> WORK TO COMPLETE: Could you please transcribe the data exactly, without the pictures?

> SUPPLIED INFORMATION:
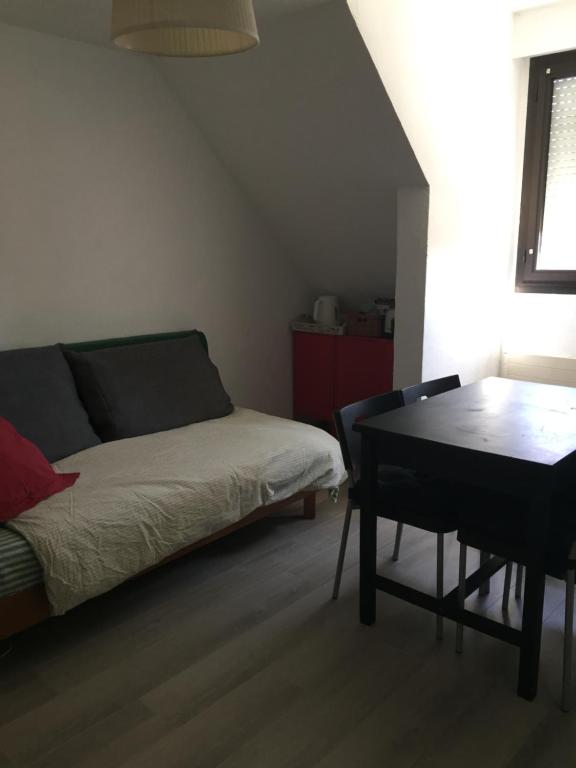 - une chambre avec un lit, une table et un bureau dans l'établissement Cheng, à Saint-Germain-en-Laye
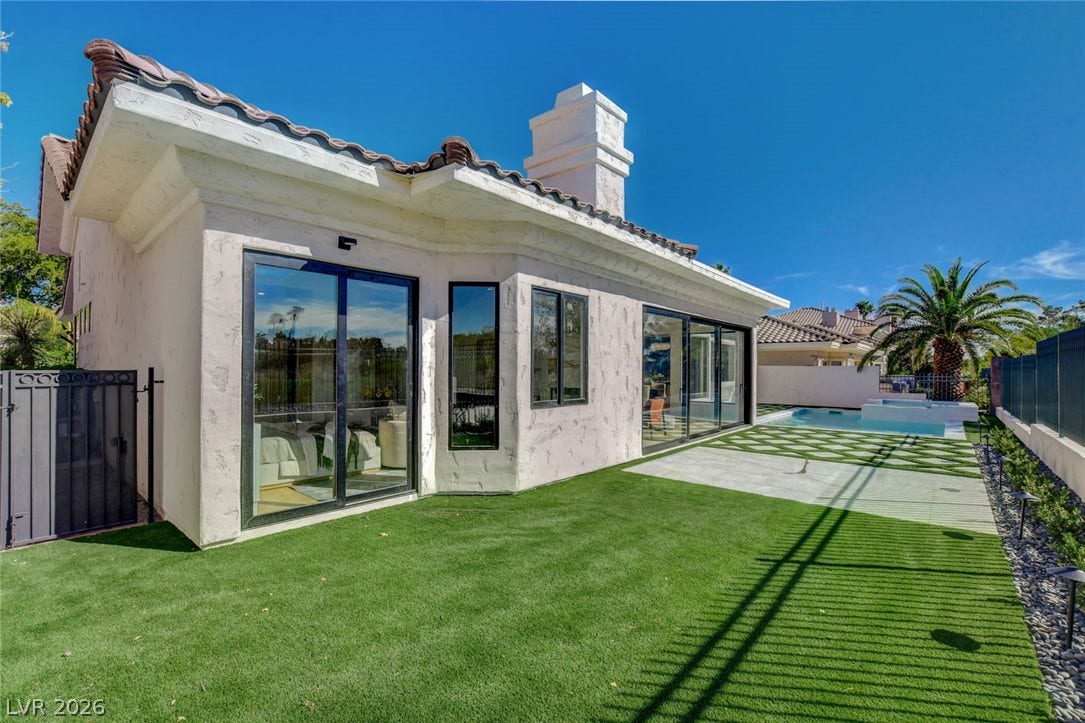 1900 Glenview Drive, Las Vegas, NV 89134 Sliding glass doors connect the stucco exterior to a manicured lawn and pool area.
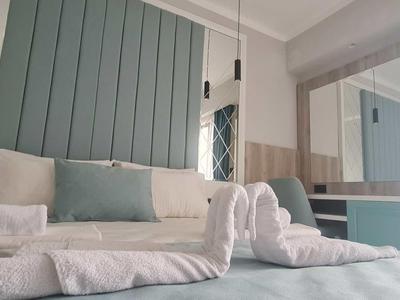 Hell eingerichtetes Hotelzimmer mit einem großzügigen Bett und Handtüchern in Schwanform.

> OUTPUT OF THE TASK:
 - une chambre avec un lit, une table et un bureau dans l'établissement Cheng, à Saint-Germain-en-Laye
 1900 Glenview Drive, Las Vegas, NV 89134 Sliding glass doors connect the stucco exterior to a manicured lawn and pool area.
 Hell eingerichtetes Hotelzimmer mit einem großzügigen Bett und Handtüchern in Schwanform.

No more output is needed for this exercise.